- **WORK TO COMPLETE**
Below is a listing; retype exactly the lines between the one containing "Tufted rose (Rosa" and the one containing "Discordancia de Villafranqueza.", inclusive, minus the pictures.

###

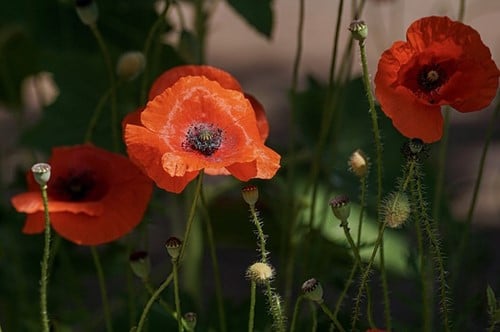 Papaver orientale Rembrandt - Klaproos (Sixpack)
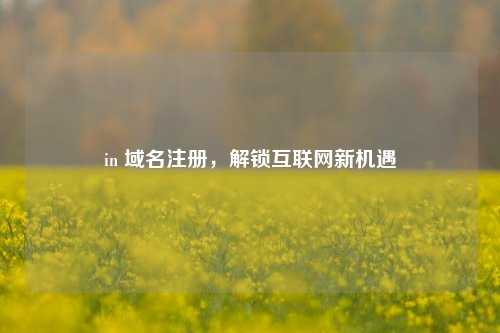 in 域名注册，解锁互联网新机遇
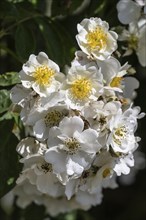 Tufted rose (Rosa multiflora), Emsland, Lower Saxony, Germany, Europe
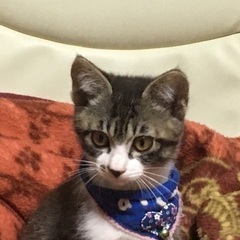 【里親候補の方と話を進めています】生後3ヶ月前後の子猫（メス）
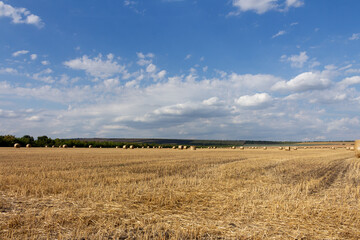 A field of wheat © parpalac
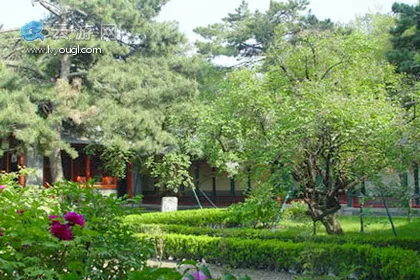 戒台寺牡丹院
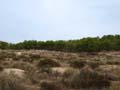 Discordancia de Villafranqueza. Lomas del Garbinet. Alicante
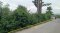 Rare Item in Phatthanakan–On Nut Zone Land for Sale – Corner Plot 391 sq.wah (1,564 sq.m.) – Soi Phatthanakan 94 / On Nut 70/1, Prawet–Phra Khanong, Bangkok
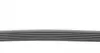 6PK1264 Ремень генератора VW T5/Golf 2.3-3.2 V6 03-09/Audi A4/A6/Q5 2.0TDI 08-17 CONTITECH підбір по vin на Brocar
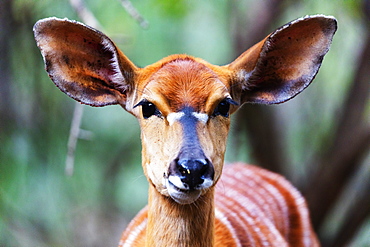 Female Nyala (Tragelaphus angasii), Mkhaya Game Reserve, Swaziland, Africa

###

- **THE ANSWER**
 Tufted rose (Rosa multiflora), Emsland, Lower Saxony, Germany, Europe
 【里親候補の方と話を進めています】生後3ヶ月前後の子猫（メス）
 A field of wheat © parpalac
 戒台寺牡丹院
 Discordancia de Villafranqueza. Lomas del Garbinet. Alicante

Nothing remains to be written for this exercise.